— Records shown —
^^^^^^^^^^^^^^^^

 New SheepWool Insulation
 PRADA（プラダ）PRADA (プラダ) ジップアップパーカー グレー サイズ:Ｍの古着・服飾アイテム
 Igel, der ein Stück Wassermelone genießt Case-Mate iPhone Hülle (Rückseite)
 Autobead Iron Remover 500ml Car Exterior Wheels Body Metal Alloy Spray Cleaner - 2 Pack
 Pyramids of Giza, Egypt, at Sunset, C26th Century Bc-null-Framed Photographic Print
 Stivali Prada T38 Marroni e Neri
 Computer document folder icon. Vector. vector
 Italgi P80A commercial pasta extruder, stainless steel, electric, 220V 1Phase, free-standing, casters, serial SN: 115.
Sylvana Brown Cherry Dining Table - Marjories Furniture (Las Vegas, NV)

^^^^^^^^^^^^^^^^

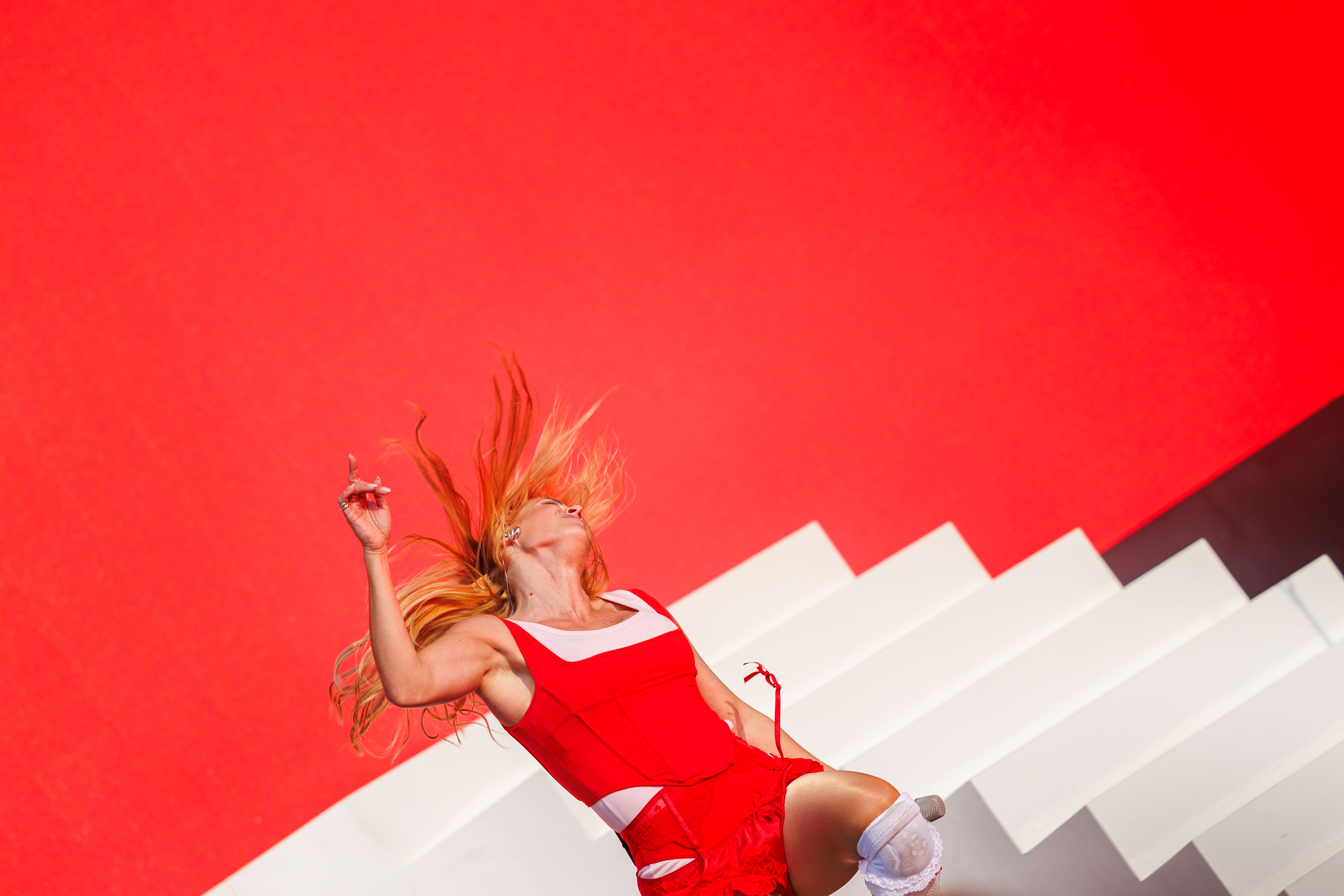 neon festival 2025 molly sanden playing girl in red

^^^^^^^^^^^^^^^^

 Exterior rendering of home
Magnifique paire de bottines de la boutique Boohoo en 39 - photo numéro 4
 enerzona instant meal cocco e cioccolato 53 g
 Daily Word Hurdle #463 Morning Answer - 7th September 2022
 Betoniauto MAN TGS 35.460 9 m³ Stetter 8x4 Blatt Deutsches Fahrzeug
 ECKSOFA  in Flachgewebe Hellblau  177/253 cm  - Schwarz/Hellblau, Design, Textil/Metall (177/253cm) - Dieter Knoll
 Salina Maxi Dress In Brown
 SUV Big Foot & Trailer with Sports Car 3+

^^^^^^^^^^^^^^^^

— Task instructions —
Would you copy, unchanged, the stretch of the records above that begins at the line containing "Daily Word Hurdle" and ends at the line containing "SUV Big Foot & Trailer with Sports Car 3+", and only that?

— Task response —
 Daily Word Hurdle #463 Morning Answer - 7th September 2022
 Betoniauto MAN TGS 35.460 9 m³ Stetter 8x4 Blatt Deutsches Fahrzeug
 ECKSOFA  in Flachgewebe Hellblau  177/253 cm  - Schwarz/Hellblau, Design, Textil/Metall (177/253cm) - Dieter Knoll
 Salina Maxi Dress In Brown
 SUV Big Foot & Trailer with Sports Car 3+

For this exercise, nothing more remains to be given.